COLLECTED DATA ▸
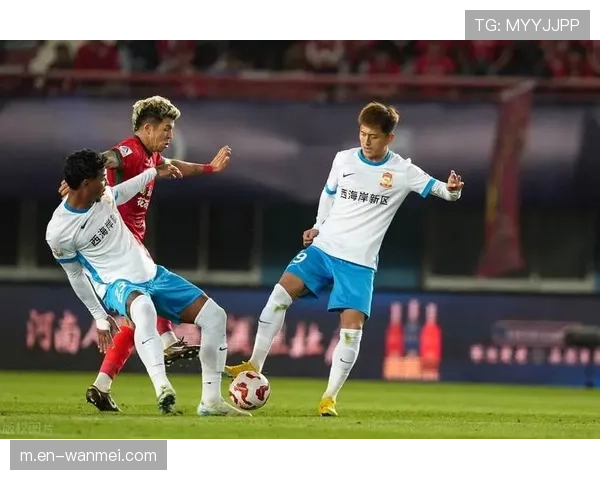 青岛西海岸客场不敌浙江,进攻端未能制造足够威胁 青岛西海岸客场不敌浙江,进攻端未能制造足够威胁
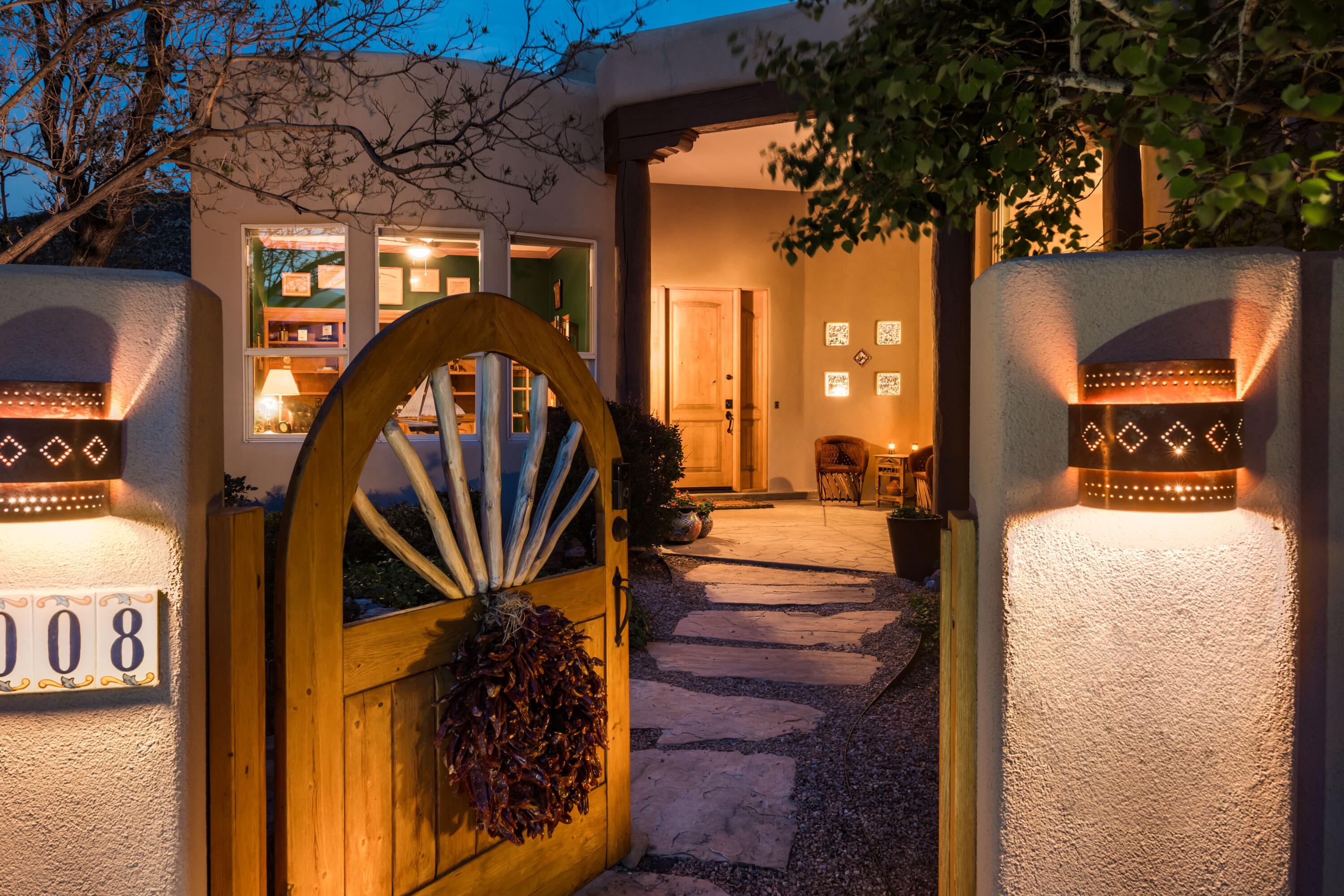 6008 Paper Flower Place NE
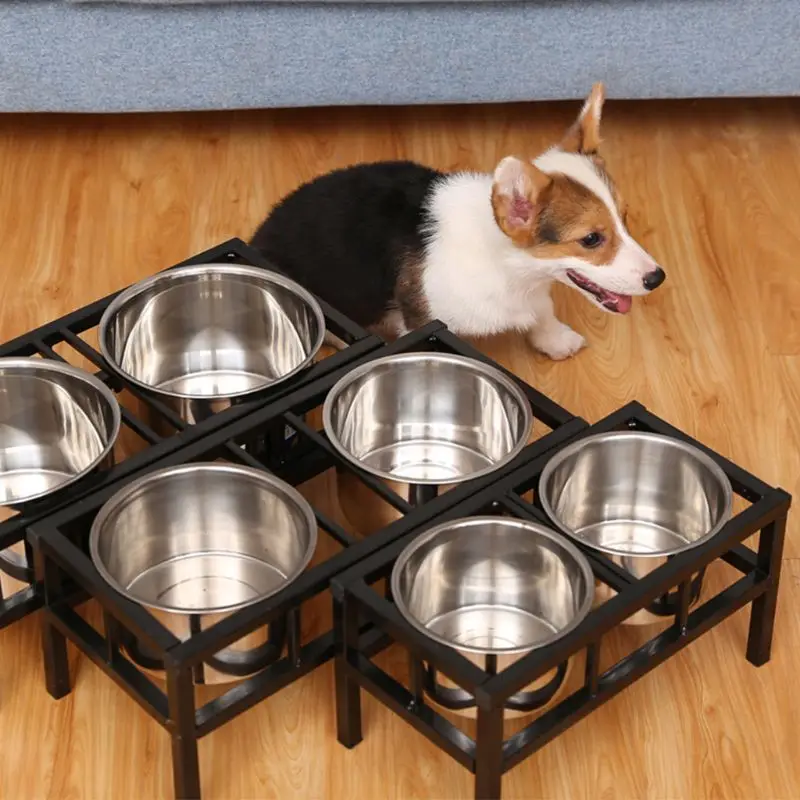 

Приподнятая кормушка для собак с 2 съемными чашами из нержавеющей стали, подставка для диспенсера воды для домашних животных, предотвращает...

WHAT NEEDS TO BE DONE ▸
Transcribe all of the material exactly and leave out its pictures.

EXERCISE RESPONSE ▸
 青岛西海岸客场不敌浙江,进攻端未能制造足够威胁 青岛西海岸客场不敌浙江,进攻端未能制造足够威胁
 6008 Paper Flower Place NE

Приподнятая кормушка для собак с 2 съемными чашами из нержавеющей стали, подставка для диспенсера воды для домашних животных, предотвращает...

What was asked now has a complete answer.